Remember, if you fall off the horse, get back on! Just because you get off track doesn’t give you permission to bail on the entire plan. Recognize the stumble and re-group. Realize that you may need to make some adjustments along the way and that’s OK. If you sprain your knee and can’t run for 6 weeks, then that half marathon may need to change to a 5K goal. You can plan for that half marathon down the road (see what I did there).

And probably most importantly, make a plan and BE SPECIFIC. What things are you going to do to get you to the finish line? Here’s an example:

Goal: In 6 months I want to fit back into my jeans from 2 years ago (2 sizes down from your current)

Specific strategies to get me there:

1. Every week make a grocery list of food that I will be preparing for the week and not divert from that list, unless it’s a healthy option. Don’t go to the grocery store hungry. (The grocery store can be a dangerous place, all those goodies calling your name).


2. Meal prep for the week (including snacks) every Sunday, so I have better food options available, and less temptation to pick something up on my way home. Pack my lunch every day, include snacks. (If you’re a person who likes something sweet after your meal, then pack a small portion of fruit to satisfy that sweet tooth. Or if you crave that salty, crunchy snack try cucumbers or carrots with a sprinkle of salt. Having healthy options at your fingertips will keep you away from that vending machine or convenience store trip).


3. Subscribe to a healthy recipe group, select recipes to make and then make them. (It doesn’t help you if you just save a bunch of recipes and never try them. I’ll admit that I’m guilty of this).


4. I am a stress eater, I will incorporate stress relieving activities into my routine: walking, yoga, meditation, deep breathing, music therapy.

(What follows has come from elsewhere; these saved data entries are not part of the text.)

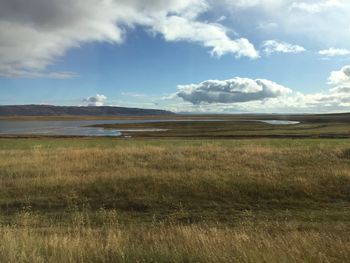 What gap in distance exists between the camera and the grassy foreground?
22.0ft

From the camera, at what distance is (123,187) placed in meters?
15.8

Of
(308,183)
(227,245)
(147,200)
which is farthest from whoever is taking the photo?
(308,183)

5. Join a gym because I hate to work out alone. I’ve learned from experience that I will not do it on my own.

6. Go to the gym 3 evenings/week

  • pack my clothes the night before and take them to work with me so I can stop at the gym on my way home.

  • look at the gym schedule ahead of time and plan on when I am going

  • find an accountability gym partner who is expecting me to be there and will call me if I don’t show up.

  • have an alternate plan if something happens (i.e. class is cancelled, snowstorm, running late from work).

7. Substitute water for soda and juice.


8. Tell my plan and goal to my co-workers, family and friends and ask them to hold me accountable and call me out if I’m self- sabotaging.

All right, so you’ve got the plan in place. No excuses…GO GET IT DONE!